IN THE COURT OF APPEAL OF THE STATE OF CALIFORNIA



SECOND APPELLATE DISTRICT



DIVISION SEVEN



THE PEOPLE,



Plaintiff and Respondent,



v.



ANTONIO AQUINO CALDERON,



Defendant and Appellant.



B192327



(Los Angeles County



Super. Ct. No. YA055266)



APPEAL from a judgment of the Superior Court of Los Angeles County. John Vernon Meigs, Judge. Affirmed.



Maria Morrison, under appointment by the Court of Appeal, for Defendant and Appellant.



Edmund G. Brown, Jr., Attorney General, Dane R. Gillette, Chief Assistant Attorney General, Pamela C. Hamanaka, Senior Assistant Attorney General, Steven D. Matthews and Shawn McGahey Webb, Deputy Attorneys General, for Plaintiff and Respondent.



____________________



We affirm Antonio Aquino Calderons murder conviction for stabbing Humberto Gomez to death.



I



Calderon and others fought Gomez and his friend Alex Negrete near a Jack-in-the-Box on Century Boulevard in Inglewood. (We call appellant Calderon because his attorney captions the briefing as People v. Antonio A. Calderon.) The street fight ended with Calderon stabbing Gomez in the chest. The stab wounds killed Gomez. Calderons main issue on appeal is about racial bias during jury selection, which puts race into issue. It appears the combatants in this case were all Hispanic.



Count one of the information charged Calderon, Jose Luis Sanchez, Juan Avila, and Daniel Calderon with the murder of Humberto Gomez. (Pen. Code, 187, subd. (a).) The information alleged Calderon personally used a knife in the commission of the offense. (Pen. Code, 12022, subd. (b)(1).) Count two of the information charged the four men with assault with a deadly weapon by means likely to inflict great bodily injury to Alex Negrete. (Pen. Code, 245, subd. (a)(1).) Before the trial, the court granted Calderons motion to dismiss count two. (Pen. Code, 995.)

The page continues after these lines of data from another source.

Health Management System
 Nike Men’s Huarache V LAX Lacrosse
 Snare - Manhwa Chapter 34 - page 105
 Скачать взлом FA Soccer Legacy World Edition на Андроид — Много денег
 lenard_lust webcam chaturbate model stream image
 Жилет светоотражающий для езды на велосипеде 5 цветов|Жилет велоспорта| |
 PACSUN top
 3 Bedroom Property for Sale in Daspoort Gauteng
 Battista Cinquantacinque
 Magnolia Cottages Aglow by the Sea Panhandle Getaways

Calderon and Juan Avila were tried together. The jury could not reach a verdict and the trial court declared a mistrial. The jury deadlocked 11 to 1 in favor of guilt for Calderon, but split 10 to 2 in favor of a not guilty verdict for Juan Avila. The prosecution retried Calderon alone. The trial was in the Inglewood courthouse. This jury found Calderon guilty of second degree murder and found true the allegation he had personally used a deadly weapon in the offense. The court sentenced Calderon to 15 years-to-life plus an additional year for the weapons use enhancement. Calderon appeals.



II



Calderons first and main issue is a Batson/Wheeler challenge to the selection of his jury. When Calderon raised the Batson/Wheeler issue at trial, the prosecution had used eight of 14 peremptories to excuse African American members of the venire. Calderon argues a statistical disparity established a prima facie case of discrimination based on the race of the prospective jurors. Calderon asserts [h]appenstance is unlikely to produce this disparity. (Miller-El v. Cockrell (2003) 537 U.S. 322, 342.)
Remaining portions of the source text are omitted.